Deblurring results of the blurred image text04-kernel04 in the dataset Lai et al. [2] corresponding to the top eight approaches in terms of PSNR/SSIM. The value of no-reference metric [67] is shown in each image for visual perception assessment. Their PSNR/SSIM values are respectively [17] (13.63 dB/0.5611), [18] (13.72 dB/0.5634), [15] (13.74 dB/0.5605), [14] (13.83 dB/0.5903), [11] (13.91 dB/0.5724), [7] ( ), [19] ( ), Ours ( ).

3.2 Realistic Experiment Results

Since there is not a reliable quantitative metric of measuring the deblurring quality for the real, comparisons are made merely based on our visual perception. In this part, the practical performance of the recent breakthrough work [3] is also tested.

The comprehensive assessment validates that the proposed method is more robust than most of the compared approaches in Subsect. 3.1, which achieves comparative (N, M, P) or better (T, S) performance on the whole set of 100 real images. In the meanwhile, it is found that our approach performs much comparatively to [3] and [38] on the five categories of blurred images, particularly on those text and saturated ones.
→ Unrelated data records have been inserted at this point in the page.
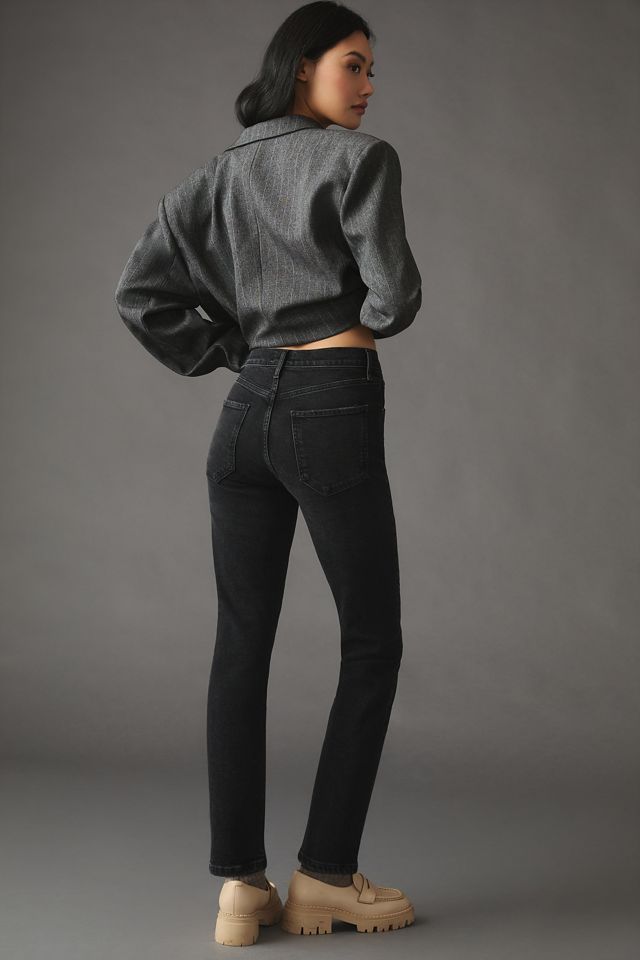 AGOLDE Riley High-Rise Straight Crop Jeans #4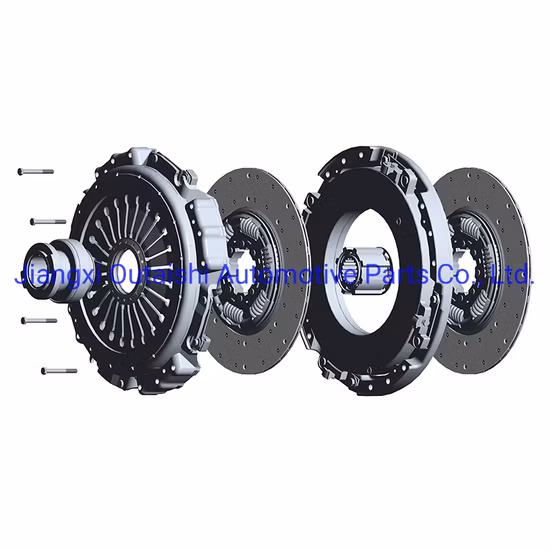 Диск сцепления Me523626 Mfd097y Запчасти для грузовиков Mitsubishi Fuso Fv51j 6m70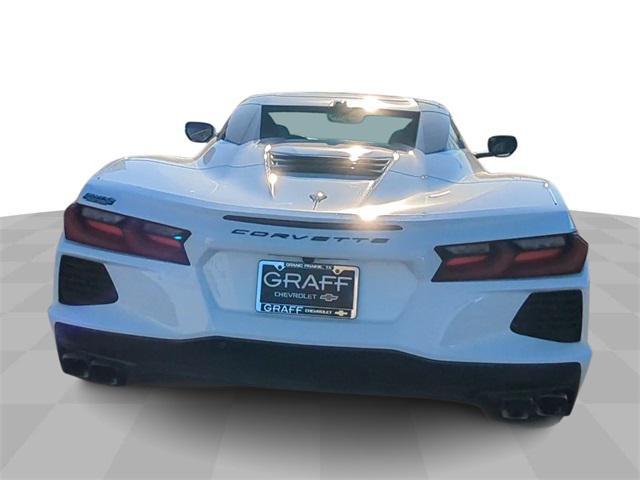 used 2023 Chevrolet Corvette car, priced at $68,906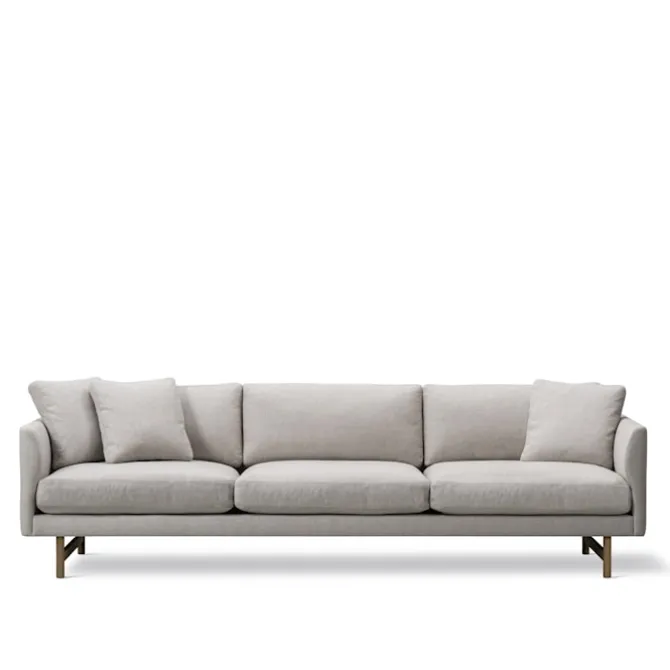Calmo 3-seters sofa røkt eik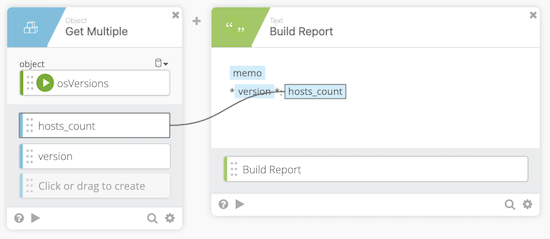 Okta workflow Build Report card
Considering the restricted paper space, we just take three challenging images for example. Figures 3, 4, and 5 provide the deblurred results for three blurred images for visual perception. It is seen that the proposed method, [3, 8] can produce plausible kernels in most cases. Most of the kernels are with tiny differences, which naturally lead to visually similar and acceptable deblur images. Nevertheless, other approaches just get occasional success on those challenging experiments.

Fig. 3.
figure 3

Results for the manmade (M) image ‘postcard’ corresponding to the methods [3, 7, 8, 19] and ours with reasonable kernels produced.

Fig. 4.
figure 4

Results for the text (T) image ‘text2’ corresponding to the methods [3, 7, 8, 16] and Ours with reasonable kernels produced.

Fig. 5.
figure 5

Results for the saturated (S) image ‘car5’ corresponding to the methods [3, 8] and ours with reasonable kernels produced.
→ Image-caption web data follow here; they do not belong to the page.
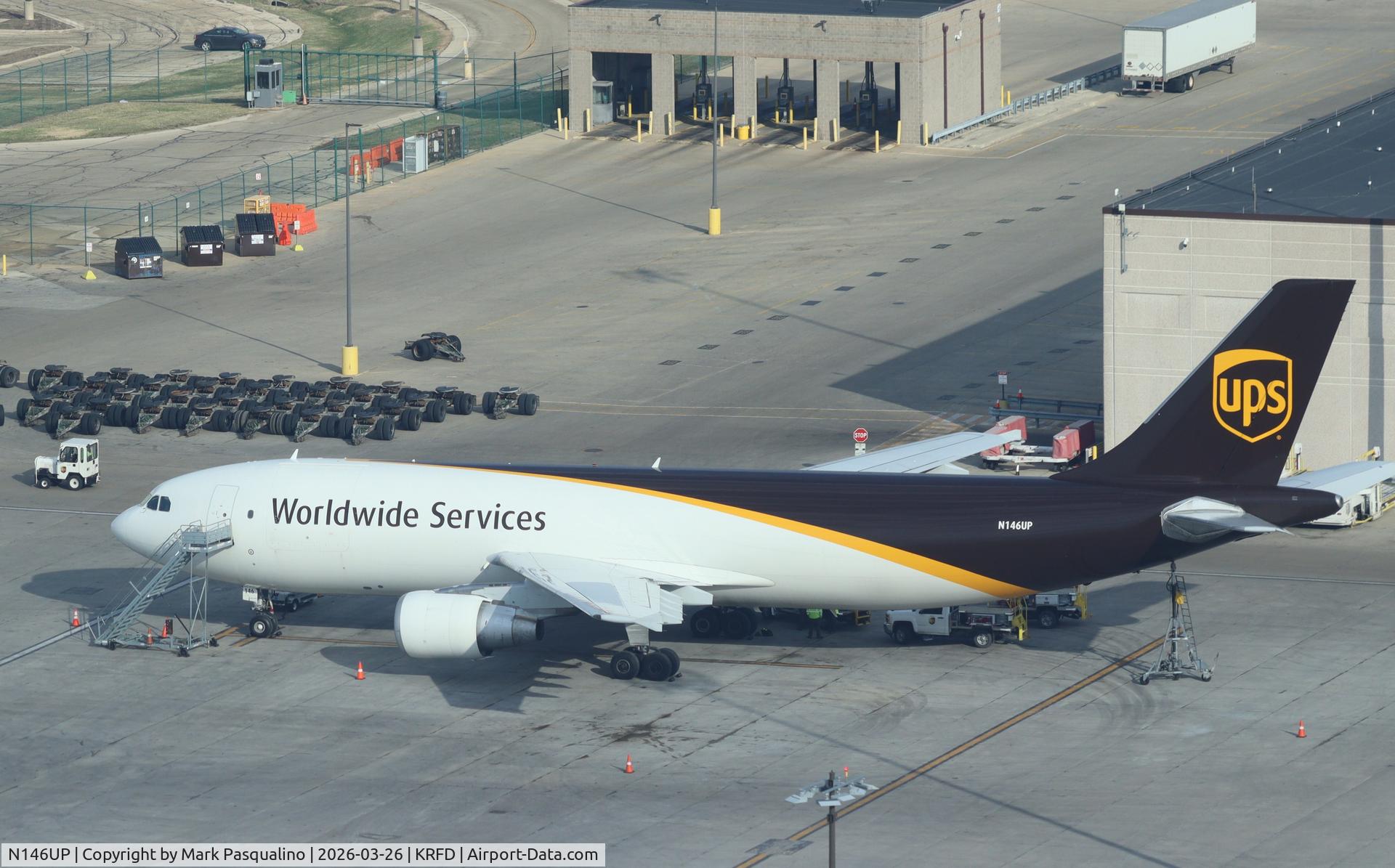 N146UP, 2003 Airbus A300F4-622R C/N 829, Airbus A300F4-622R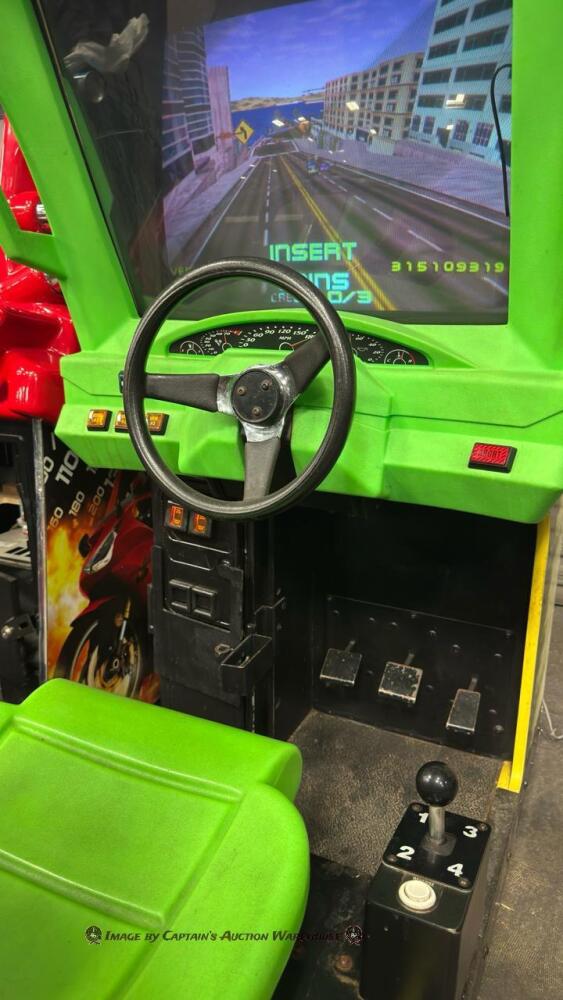 SAN FRANCISCO RUSH EXTREME RACING DRIVER ARCADE GAME ATARI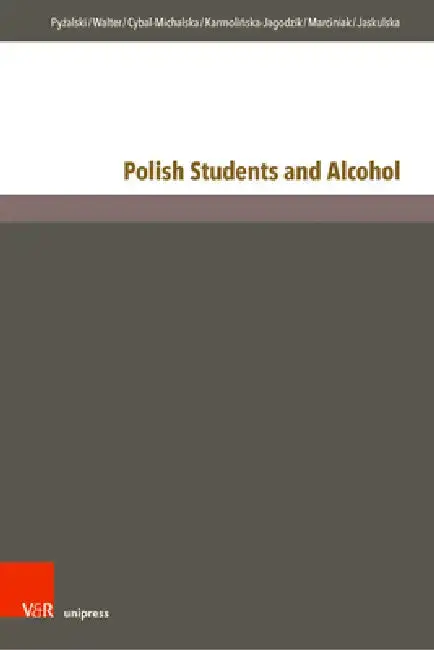 Cover of Polish Students and Alcohol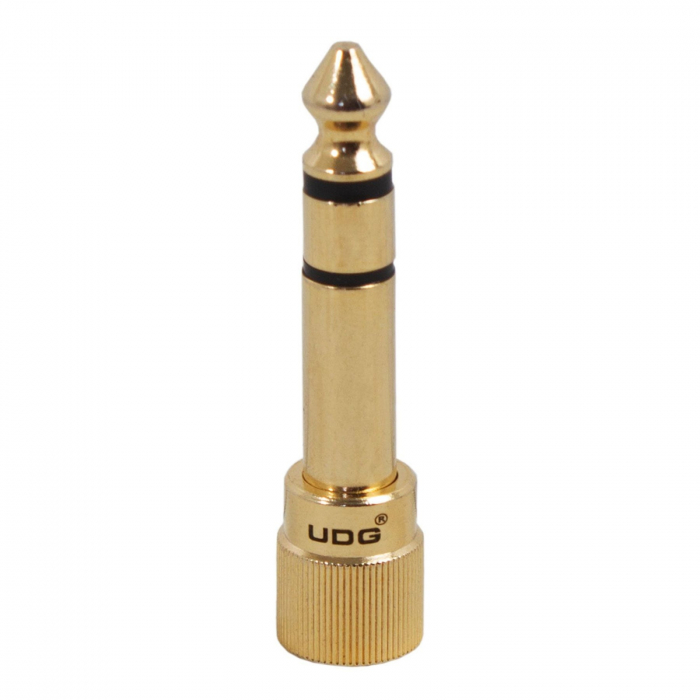 UDG - Adaptor Casti Jack 3.5mm la 6.35mm Stereo cu Filet [2]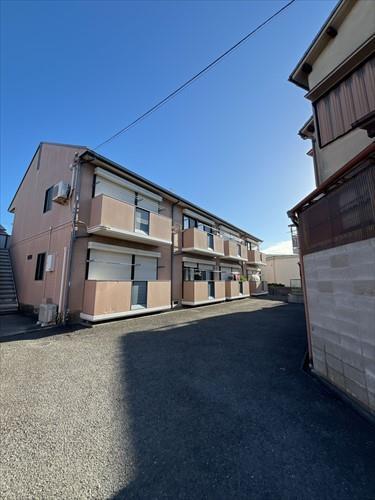 賃貸中アパート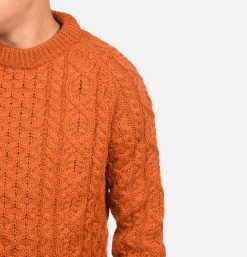 PEREGRINE Pulls & Cardigans | Pull Husdon Aran Orange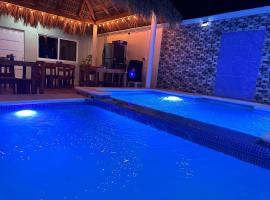 Posada chachalacas, hotel met zwembaden in Chachalacas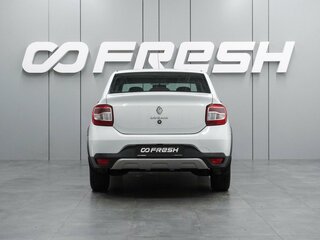 2022 Renault Logan Stepway II Рестайлинг, белый, 1230000 рублей, вид 4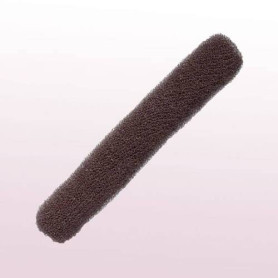 Hair roll, brown, 4x22cm Comair - 1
In spite of similar deblurring performance among [3, 8] and our approach on the above blurred images, as for two saturated images ‘garden’ and ‘sydney_opera’, both [3, 8] have completely failed to a great degree. However, our method succeeds to recover a very plausible blur kernel for each image. Figure 6 provides the deblurring results for the three methods. Meanwhile, we observe several examples including: ‘car4’, ‘night1’, ‘night4’, ‘notredame’, ‘text1’, and ‘text12’, where either [8] or [3] or occasionally both generate much less accurate kernels than those of our approach.

Fig. 6.
figure 6

Visual comparison among [3, 8], and the proposed approach on the two saturated (S) images ‘garden’ and ‘sydney_opera’ where both [3, 8] have completely failed to a great degree while the proposed approach succeeds in producing very reasonable kernels which naturally lead to visually acceptable deblurred images.

4 Conclusion

Blind image deblurring, as a fundamental low-level vision problem, is far from being solved due to the challenging blur process in practical imaging, e.g., Gaussian-shaped kernels of varying sizes, ellipse-shaped kernels of varying orientations, curvilinear kernels of varying trajectories. In distinction to the previous methods, this paper is inspired by a rule of work from Albert Einstein: Out of clutter find simplicity, aiming to exploit the full potential of gradient-based approaches with the new proposal of a simple, robust yet discriminative prior for nonparametric blur kernel estimation. Our new discriminative approach achieves decent performance on both synthetic and realistic blurry images, and could be served as a new start point to develop more reliable, robust, effective and efficient blind image deblurring approaches.